(Captioned web images)
------------------------------------------------------------------------
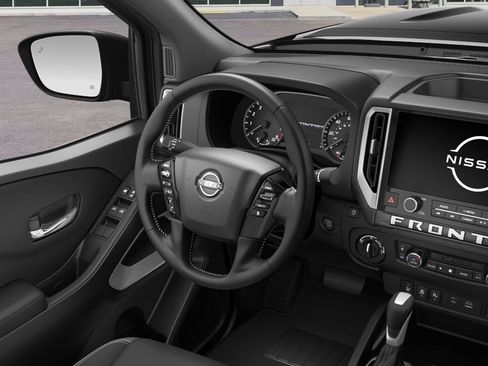 New 2026 Nissan Frontier SV w/ SV Convenience Package AWD/4WD image 7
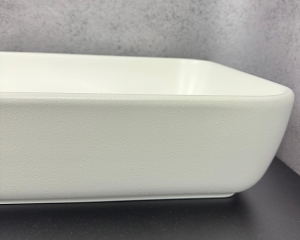 Умивальник «Тіфані» Біла шагрень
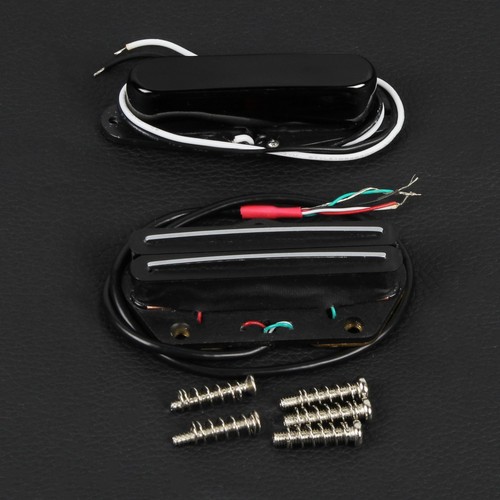 Fleor black alnico - black, 5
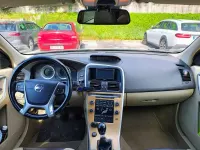 Usata Volvo XC60 Summum 205 CV (150 kW) 2010 Bianco SUV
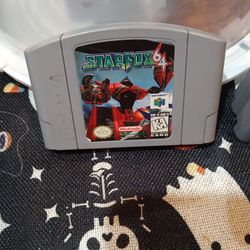 Nintendo 64 Game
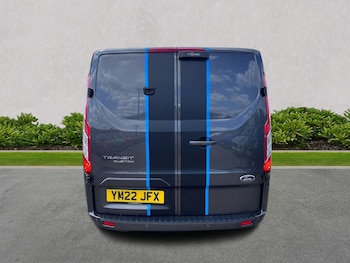 Used Ford Transit Custom 2022 for sale - 75581785: Photo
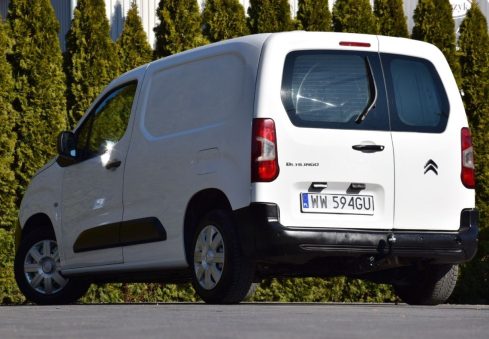 citroen berlingo 2021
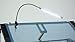 LED Bar Lamp - Silver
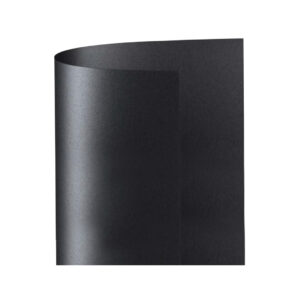 CR CARTULINA MAJESTIC BLACK SATIN 72X102CM.250G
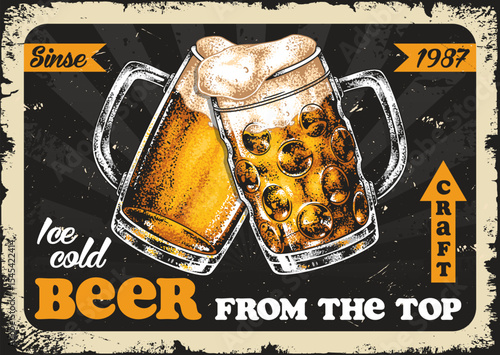 Enjoying craft beer since 1987 at the bar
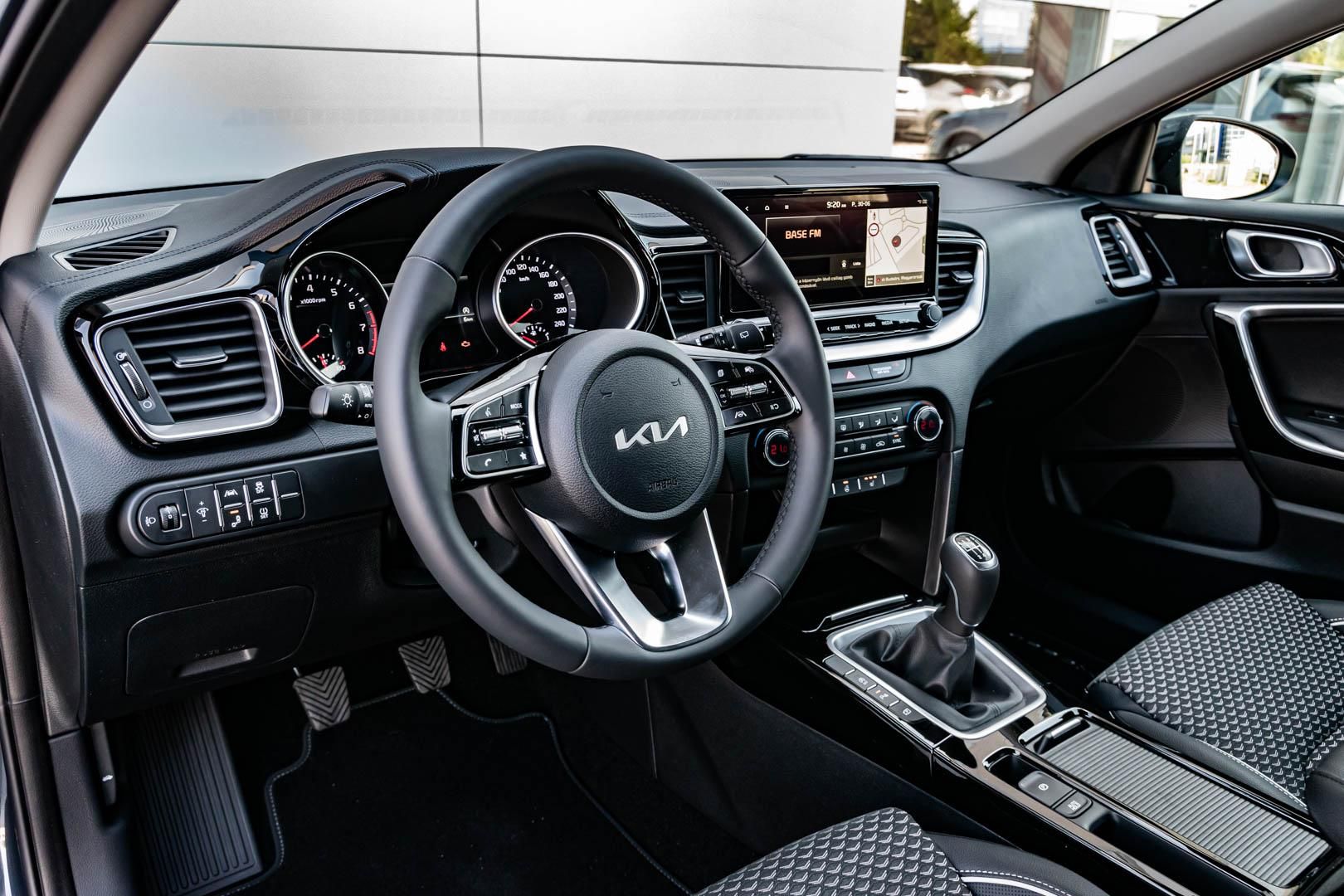 KIA XCEED 1.6 T-GDI Platinum DCT Automata! ADA csomag! Készletről! - 6. kép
------------------------------------------------------------------------
__About this task__: Leave the pictures aside and output each entry exactly as it stands.

__Result below__:
 New 2026 Nissan Frontier SV w/ SV Convenience Package AWD/4WD image 7
 Умивальник «Тіфані» Біла шагрень
 Fleor black alnico - black, 5
 Usata Volvo XC60 Summum 205 CV (150 kW) 2010 Bianco SUV
 Nintendo 64 Game
 Used Ford Transit Custom 2022 for sale - 75581785: Photo
 citroen berlingo 2021
 LED Bar Lamp - Silver
 CR CARTULINA MAJESTIC BLACK SATIN 72X102CM.250G
 Enjoying craft beer since 1987 at the bar
 KIA XCEED 1.6 T-GDI Platinum DCT Automata! ADA csomag! Készletről! - 6. kép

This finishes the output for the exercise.